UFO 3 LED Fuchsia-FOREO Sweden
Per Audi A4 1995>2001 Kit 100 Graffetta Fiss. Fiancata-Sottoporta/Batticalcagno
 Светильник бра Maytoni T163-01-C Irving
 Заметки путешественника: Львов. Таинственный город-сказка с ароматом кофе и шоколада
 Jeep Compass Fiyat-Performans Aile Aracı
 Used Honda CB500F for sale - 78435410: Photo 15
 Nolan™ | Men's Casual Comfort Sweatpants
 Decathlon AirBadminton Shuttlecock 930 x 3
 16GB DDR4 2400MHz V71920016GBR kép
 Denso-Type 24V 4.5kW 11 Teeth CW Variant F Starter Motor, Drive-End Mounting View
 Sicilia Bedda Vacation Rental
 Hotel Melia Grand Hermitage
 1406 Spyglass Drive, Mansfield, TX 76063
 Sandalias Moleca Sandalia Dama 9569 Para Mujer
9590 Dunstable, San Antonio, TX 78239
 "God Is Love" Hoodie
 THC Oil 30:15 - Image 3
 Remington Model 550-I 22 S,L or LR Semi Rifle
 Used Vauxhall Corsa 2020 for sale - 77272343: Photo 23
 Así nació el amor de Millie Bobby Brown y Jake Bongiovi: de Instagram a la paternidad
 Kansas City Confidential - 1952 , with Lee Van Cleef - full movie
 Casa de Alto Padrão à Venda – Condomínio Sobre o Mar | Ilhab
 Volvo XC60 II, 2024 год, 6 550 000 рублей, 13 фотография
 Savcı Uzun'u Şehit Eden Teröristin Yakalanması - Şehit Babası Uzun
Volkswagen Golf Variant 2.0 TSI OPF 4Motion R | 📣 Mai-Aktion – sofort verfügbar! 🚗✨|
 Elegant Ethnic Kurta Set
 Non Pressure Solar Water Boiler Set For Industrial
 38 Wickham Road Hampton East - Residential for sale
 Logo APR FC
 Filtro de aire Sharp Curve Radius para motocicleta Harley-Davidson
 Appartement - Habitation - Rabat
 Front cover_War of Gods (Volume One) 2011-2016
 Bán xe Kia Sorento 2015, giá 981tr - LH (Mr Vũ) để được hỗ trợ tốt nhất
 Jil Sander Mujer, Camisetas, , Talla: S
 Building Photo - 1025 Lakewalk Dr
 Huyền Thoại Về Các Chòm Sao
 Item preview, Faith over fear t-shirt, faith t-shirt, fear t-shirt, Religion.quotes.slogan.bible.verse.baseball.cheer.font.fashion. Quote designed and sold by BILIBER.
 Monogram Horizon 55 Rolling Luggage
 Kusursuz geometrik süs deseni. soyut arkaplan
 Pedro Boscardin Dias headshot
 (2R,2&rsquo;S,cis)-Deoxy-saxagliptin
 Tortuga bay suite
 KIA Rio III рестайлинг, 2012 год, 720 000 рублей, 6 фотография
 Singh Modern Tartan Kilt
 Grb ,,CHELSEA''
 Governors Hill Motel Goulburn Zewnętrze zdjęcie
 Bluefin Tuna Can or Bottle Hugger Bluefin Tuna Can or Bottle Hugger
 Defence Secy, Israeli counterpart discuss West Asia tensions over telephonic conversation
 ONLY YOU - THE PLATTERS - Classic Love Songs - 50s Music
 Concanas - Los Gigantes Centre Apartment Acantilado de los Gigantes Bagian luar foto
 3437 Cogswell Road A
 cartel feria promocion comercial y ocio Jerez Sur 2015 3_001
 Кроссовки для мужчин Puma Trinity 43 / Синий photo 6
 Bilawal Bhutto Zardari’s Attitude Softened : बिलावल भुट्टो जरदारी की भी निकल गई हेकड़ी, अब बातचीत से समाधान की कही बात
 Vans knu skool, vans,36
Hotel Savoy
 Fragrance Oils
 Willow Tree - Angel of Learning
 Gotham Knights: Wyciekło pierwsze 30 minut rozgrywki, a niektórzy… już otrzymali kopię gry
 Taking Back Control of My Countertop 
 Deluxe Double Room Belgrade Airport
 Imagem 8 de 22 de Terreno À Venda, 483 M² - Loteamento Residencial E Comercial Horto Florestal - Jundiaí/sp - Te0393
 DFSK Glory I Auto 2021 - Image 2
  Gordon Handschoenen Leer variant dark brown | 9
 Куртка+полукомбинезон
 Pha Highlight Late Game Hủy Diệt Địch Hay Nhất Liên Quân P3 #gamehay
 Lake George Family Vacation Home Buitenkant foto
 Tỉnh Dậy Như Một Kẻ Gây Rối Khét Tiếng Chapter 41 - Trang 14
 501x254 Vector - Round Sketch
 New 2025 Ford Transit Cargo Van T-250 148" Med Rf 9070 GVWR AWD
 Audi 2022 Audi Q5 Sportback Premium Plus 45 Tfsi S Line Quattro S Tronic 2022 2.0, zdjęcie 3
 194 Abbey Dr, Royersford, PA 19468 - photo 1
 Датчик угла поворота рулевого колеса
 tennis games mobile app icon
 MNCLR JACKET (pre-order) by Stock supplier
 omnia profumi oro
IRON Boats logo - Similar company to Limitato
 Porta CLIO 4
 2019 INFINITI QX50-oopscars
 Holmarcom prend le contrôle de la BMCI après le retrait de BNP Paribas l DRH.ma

■ ■ ■ ■

→ Task instructions: Write out each line exactly, starting with the line that contains "Imagem 8 de" and stopping after the last line of the data.

→ Reply to the exercise:
 Imagem 8 de 22 de Terreno À Venda, 483 M² - Loteamento Residencial E Comercial Horto Florestal - Jundiaí/sp - Te0393
 DFSK Glory I Auto 2021 - Image 2
  Gordon Handschoenen Leer variant dark brown | 9
 Куртка+полукомбинезон
 Pha Highlight Late Game Hủy Diệt Địch Hay Nhất Liên Quân P3 #gamehay
 Lake George Family Vacation Home Buitenkant foto
 Tỉnh Dậy Như Một Kẻ Gây Rối Khét Tiếng Chapter 41 - Trang 14
 501x254 Vector - Round Sketch
 New 2025 Ford Transit Cargo Van T-250 148" Med Rf 9070 GVWR AWD
 Audi 2022 Audi Q5 Sportback Premium Plus 45 Tfsi S Line Quattro S Tronic 2022 2.0, zdjęcie 3
 194 Abbey Dr, Royersford, PA 19468 - photo 1
 Датчик угла поворота рулевого колеса
 tennis games mobile app icon
 MNCLR JACKET (pre-order) by Stock supplier
 omnia profumi oro
IRON Boats logo - Similar company to Limitato
 Porta CLIO 4
 2019 INFINITI QX50-oopscars
 Holmarcom prend le contrôle de la BMCI après le retrait de BNP Paribas l DRH.ma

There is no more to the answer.